Instructions to follow
The data below holds a line containing "Summer Loose Low-Waist" and a line containing "GiANT G2500 X-TRA"; please quote exactly those two lines and every line between them, and nothing else.

Extracted information Block Start

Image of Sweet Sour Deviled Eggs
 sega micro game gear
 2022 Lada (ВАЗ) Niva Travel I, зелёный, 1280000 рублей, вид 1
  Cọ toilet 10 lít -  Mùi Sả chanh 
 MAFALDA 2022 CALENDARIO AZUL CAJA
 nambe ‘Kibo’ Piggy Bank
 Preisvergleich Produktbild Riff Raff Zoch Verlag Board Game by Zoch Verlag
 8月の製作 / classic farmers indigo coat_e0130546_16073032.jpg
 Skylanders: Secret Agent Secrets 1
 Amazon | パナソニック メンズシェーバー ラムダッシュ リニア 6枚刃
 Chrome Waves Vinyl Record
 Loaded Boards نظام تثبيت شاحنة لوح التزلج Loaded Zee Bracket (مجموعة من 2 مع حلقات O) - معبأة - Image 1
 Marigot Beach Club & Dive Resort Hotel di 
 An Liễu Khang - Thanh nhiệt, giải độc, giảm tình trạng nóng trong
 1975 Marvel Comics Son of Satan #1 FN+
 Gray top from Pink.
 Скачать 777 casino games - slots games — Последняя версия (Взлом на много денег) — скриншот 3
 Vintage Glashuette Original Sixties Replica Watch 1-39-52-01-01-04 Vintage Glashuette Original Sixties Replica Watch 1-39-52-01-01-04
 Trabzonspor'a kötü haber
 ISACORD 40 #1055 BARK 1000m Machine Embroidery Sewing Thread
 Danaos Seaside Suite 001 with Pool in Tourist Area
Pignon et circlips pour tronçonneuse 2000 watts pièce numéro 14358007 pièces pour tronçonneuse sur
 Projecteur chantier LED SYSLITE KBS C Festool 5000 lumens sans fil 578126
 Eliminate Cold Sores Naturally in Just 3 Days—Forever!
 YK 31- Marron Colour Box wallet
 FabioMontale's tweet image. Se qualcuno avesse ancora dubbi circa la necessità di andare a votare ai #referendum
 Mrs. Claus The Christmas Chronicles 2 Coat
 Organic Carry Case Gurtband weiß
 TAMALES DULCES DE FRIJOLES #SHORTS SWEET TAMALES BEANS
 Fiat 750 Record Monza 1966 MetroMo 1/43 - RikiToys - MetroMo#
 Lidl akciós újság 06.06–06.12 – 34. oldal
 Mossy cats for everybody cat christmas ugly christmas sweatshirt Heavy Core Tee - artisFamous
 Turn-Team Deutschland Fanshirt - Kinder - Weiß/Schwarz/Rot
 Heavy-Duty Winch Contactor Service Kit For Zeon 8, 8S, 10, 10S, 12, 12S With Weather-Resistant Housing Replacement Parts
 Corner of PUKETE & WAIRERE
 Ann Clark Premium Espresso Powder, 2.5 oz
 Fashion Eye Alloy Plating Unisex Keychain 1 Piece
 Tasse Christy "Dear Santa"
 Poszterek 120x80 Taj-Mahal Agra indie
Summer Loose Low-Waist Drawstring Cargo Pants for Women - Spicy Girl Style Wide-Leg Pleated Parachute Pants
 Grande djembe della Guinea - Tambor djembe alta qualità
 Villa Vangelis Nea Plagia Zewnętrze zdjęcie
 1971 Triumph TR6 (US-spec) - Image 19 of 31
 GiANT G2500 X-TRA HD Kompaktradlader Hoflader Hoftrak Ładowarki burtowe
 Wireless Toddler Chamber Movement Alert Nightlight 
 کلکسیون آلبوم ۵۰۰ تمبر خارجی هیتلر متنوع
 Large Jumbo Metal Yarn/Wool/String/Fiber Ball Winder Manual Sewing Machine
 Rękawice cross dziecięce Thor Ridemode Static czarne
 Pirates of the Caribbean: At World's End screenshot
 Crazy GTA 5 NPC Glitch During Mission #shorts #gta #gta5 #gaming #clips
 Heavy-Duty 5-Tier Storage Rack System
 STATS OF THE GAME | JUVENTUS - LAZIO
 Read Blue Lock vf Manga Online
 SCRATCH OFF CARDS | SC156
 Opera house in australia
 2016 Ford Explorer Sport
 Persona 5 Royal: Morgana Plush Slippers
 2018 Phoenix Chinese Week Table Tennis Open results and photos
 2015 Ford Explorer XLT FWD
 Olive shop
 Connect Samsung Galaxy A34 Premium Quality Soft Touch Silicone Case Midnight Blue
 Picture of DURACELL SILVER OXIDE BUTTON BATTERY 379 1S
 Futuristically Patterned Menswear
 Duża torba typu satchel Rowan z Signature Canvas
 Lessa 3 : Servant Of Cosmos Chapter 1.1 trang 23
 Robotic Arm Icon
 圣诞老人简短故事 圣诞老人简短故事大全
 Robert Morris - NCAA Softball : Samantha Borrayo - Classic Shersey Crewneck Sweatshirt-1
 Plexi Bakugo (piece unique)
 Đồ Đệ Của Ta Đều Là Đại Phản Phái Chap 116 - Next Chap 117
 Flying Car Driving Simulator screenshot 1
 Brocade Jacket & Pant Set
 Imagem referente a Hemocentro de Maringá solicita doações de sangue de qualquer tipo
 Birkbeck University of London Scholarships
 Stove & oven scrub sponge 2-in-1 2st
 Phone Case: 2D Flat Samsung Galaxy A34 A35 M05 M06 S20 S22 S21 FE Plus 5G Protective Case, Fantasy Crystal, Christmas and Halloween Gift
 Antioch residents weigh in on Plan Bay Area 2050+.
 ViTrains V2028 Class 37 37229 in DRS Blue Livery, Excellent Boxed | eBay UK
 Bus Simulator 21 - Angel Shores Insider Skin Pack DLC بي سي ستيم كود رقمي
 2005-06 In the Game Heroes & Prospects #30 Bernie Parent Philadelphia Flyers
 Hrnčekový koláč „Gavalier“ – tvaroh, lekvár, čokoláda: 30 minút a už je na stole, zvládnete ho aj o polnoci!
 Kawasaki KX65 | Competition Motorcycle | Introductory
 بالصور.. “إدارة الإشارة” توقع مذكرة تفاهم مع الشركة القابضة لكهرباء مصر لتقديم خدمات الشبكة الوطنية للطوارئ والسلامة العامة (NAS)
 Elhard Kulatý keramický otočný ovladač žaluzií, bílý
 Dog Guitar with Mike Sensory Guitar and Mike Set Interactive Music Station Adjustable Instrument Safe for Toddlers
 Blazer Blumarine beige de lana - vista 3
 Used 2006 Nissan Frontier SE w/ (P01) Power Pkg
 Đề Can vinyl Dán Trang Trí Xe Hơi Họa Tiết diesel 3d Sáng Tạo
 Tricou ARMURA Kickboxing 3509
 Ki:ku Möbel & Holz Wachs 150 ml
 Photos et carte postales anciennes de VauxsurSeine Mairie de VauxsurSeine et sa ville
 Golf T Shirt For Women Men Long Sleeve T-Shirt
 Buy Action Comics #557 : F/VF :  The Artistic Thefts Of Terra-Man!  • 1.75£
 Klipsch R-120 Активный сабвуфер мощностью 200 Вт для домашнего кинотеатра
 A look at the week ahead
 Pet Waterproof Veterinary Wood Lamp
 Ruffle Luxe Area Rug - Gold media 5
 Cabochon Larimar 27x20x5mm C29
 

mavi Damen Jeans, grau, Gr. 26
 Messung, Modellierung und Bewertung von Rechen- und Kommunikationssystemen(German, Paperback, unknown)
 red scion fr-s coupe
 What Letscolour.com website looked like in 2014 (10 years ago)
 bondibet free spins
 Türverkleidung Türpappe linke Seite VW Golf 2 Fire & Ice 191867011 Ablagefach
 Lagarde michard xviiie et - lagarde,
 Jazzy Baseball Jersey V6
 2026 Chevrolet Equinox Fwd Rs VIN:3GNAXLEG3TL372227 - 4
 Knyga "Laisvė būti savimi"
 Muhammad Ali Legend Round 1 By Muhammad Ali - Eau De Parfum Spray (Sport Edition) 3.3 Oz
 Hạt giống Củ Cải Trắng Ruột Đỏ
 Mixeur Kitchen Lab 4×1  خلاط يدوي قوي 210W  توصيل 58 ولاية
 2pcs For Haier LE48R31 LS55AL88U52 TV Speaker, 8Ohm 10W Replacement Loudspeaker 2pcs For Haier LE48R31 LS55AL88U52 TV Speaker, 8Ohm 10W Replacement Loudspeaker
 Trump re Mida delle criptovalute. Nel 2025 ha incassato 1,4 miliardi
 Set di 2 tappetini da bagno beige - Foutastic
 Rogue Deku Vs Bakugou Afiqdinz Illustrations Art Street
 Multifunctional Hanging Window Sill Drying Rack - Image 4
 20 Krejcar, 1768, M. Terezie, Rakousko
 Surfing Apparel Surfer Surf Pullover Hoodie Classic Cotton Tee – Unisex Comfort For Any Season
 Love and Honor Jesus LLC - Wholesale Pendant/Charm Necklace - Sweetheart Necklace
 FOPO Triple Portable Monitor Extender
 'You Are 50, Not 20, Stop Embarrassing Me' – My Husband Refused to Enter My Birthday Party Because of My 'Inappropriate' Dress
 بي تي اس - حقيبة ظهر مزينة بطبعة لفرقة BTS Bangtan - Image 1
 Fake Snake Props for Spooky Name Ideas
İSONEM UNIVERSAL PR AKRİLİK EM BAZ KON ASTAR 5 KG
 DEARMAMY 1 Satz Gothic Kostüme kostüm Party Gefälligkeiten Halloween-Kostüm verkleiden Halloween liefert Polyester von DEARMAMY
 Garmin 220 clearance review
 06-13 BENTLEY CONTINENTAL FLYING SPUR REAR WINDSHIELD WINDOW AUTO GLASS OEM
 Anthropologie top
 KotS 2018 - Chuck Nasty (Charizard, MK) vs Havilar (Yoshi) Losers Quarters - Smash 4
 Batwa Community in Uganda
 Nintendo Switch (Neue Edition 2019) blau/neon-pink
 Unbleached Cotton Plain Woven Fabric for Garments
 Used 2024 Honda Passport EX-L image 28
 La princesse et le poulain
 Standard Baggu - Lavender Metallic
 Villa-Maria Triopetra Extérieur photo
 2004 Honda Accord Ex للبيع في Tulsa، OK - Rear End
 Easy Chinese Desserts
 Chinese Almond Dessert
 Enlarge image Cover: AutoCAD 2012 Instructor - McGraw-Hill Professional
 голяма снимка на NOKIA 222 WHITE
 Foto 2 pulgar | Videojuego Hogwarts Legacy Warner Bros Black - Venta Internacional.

Extracted information Block End

Reply to the exercise
Summer Loose Low-Waist Drawstring Cargo Pants for Women - Spicy Girl Style Wide-Leg Pleated Parachute Pants
 Grande djembe della Guinea - Tambor djembe alta qualità
 Villa Vangelis Nea Plagia Zewnętrze zdjęcie
 1971 Triumph TR6 (US-spec) - Image 19 of 31
 GiANT G2500 X-TRA HD Kompaktradlader Hoflader Hoftrak Ładowarki burtowe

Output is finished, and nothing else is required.